_Supplied data:_
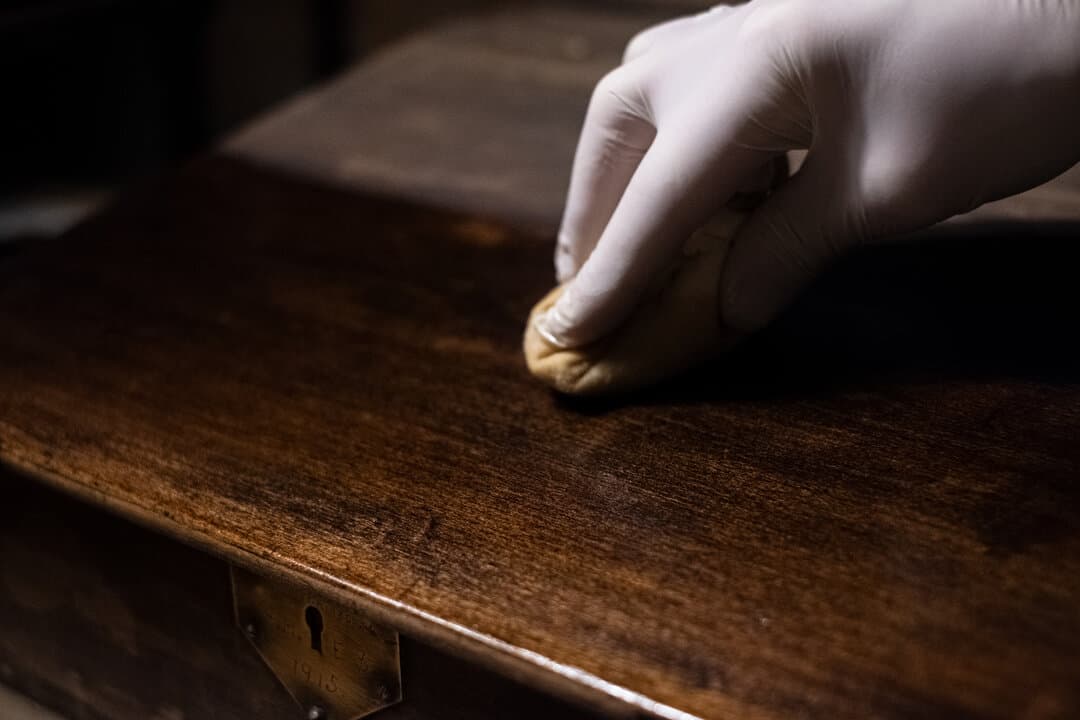 Hand-applying polish to antique furniture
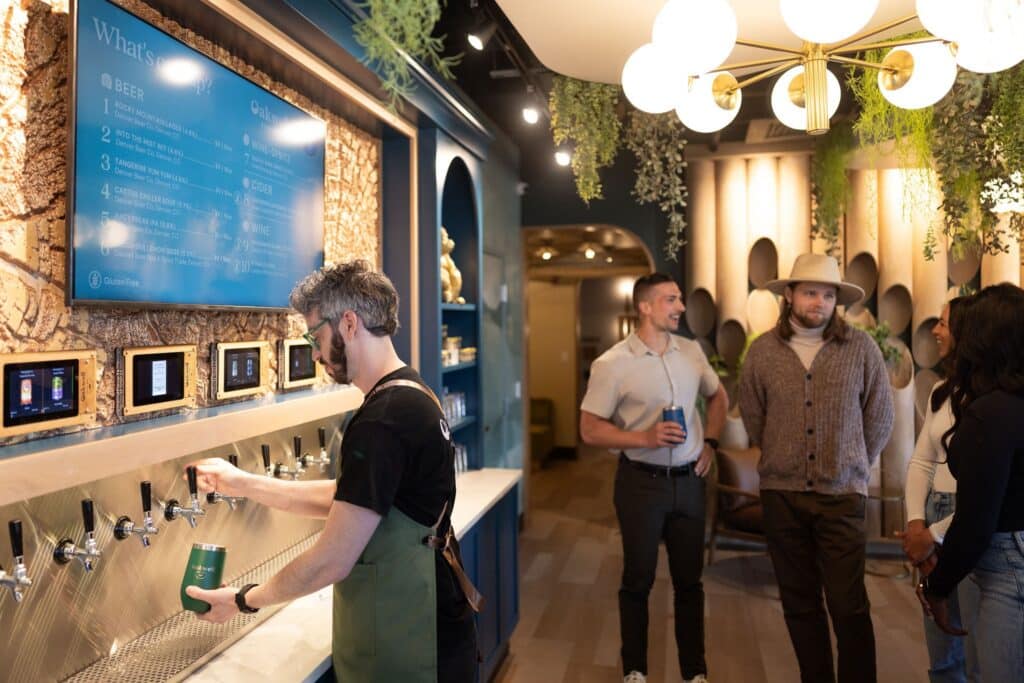 Two men craft beer from the Highlands Ranch taproom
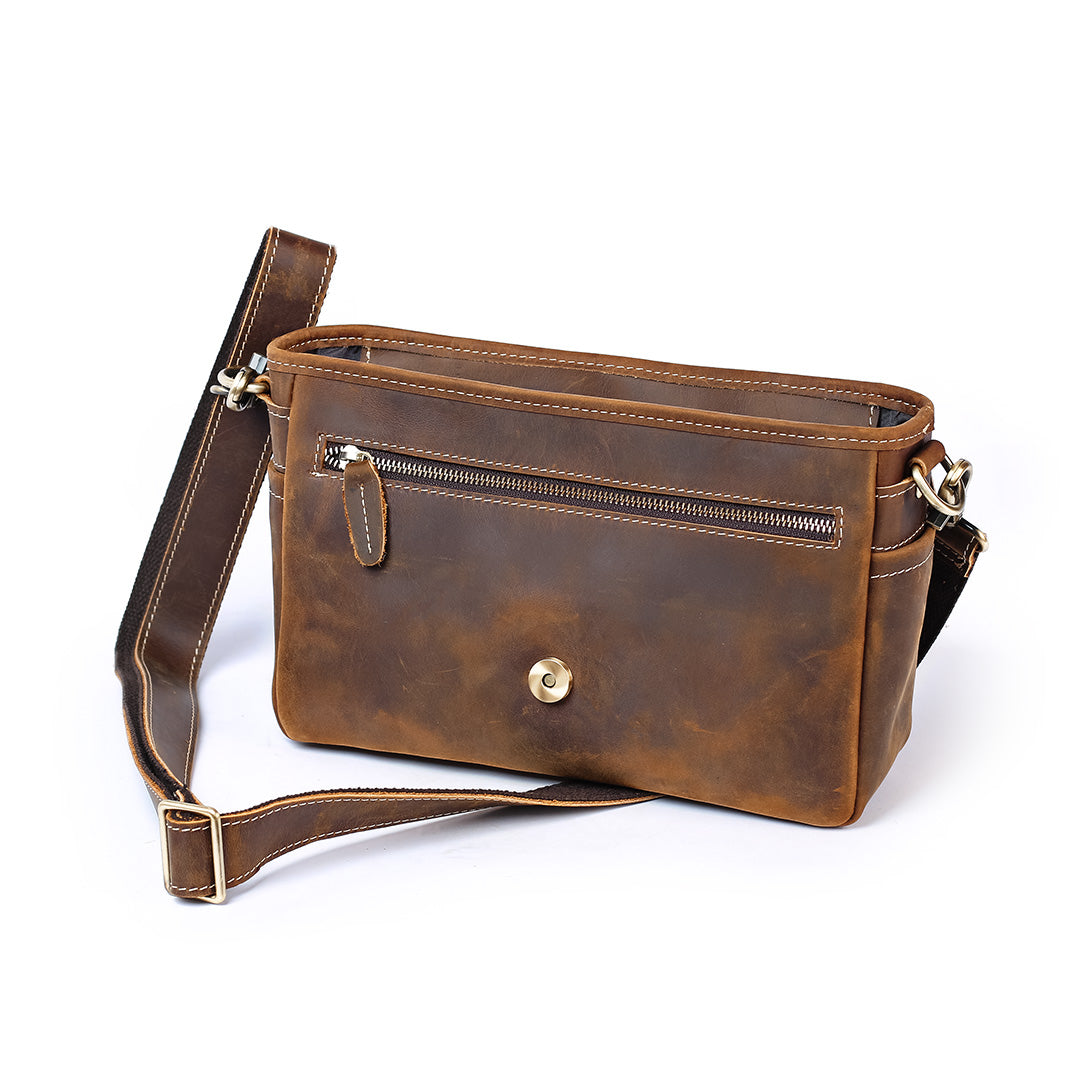 Brown leather crossbody bag on a white background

_About this exercise:_ In the data above, find the line containing "Two men craft"; from there, please write out each line through the end, exactly, with the pictures omitted.

_Result of this exercise:_
 Two men craft beer from the Highlands Ranch taproom
 Brown leather crossbody bag on a white background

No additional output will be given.